Hero image for When 'Show Me' Accidentally Means 'Do It'
By Scott Armbruster

When 'Show Me' Accidentally Means 'Do It'


Everything I do each day gets logged — personal projects, client work, business operations, the full picture. Each morning a pipeline reads those session logs and turns them into this post. Nothing is hypothetical. After 23 years in tech, this is what building with AI looks like when you actually do it every day: real friction, real fixes, patterns you only see from the inside.

Today’s Highlights

  • Two words, “job status,” accidentally fired every scheduled task in the system at once
  • Ran five completely unrelated client projects concurrently without a single context leak
  • The curation problem I keep circling: why does “relevant” content keep being useless to actual readers

The Most Dangerous Verb Is “Do”

Someone typed “job status” into a conversational interface today. Two words.
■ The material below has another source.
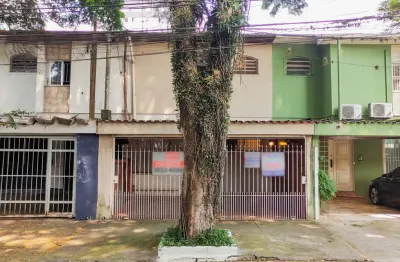 Casa comercial na rua são benedito, n. 1883 • 85 m²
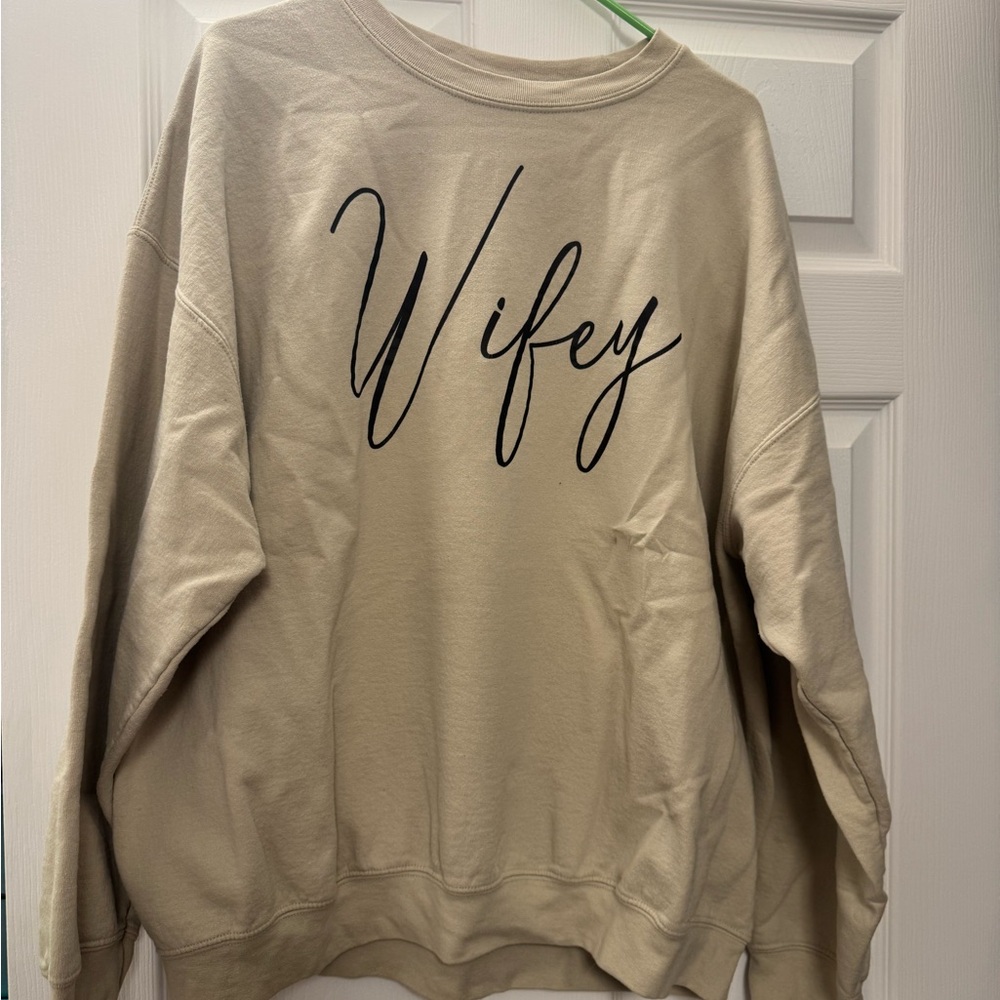 Gildan Cream Sweatshirt with Graphic Print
The intent was obvious: show me what’s running. Instead, the system interpreted “job” as a trigger and fired every scheduled task. Content pipelines, domain checks, morning dispatches, the full catalog. All at once.

Nobody lost data. Nothing broke permanently. But it’s a category of bug that gets more common as AI systems get more capable. The system was too eager to act. It heard a noun associated with actions and skipped straight past observation into execution.

This isn’t new. It’s literally the foundation of CQRS patterns from the 2010s. But AI makes the problem worse because natural language is inherently ambiguous. “Run my reports” could mean “show me my reports” or “execute the report generation pipeline.” In a traditional UI, those are different buttons. In a conversational interface, they’re the same sentence.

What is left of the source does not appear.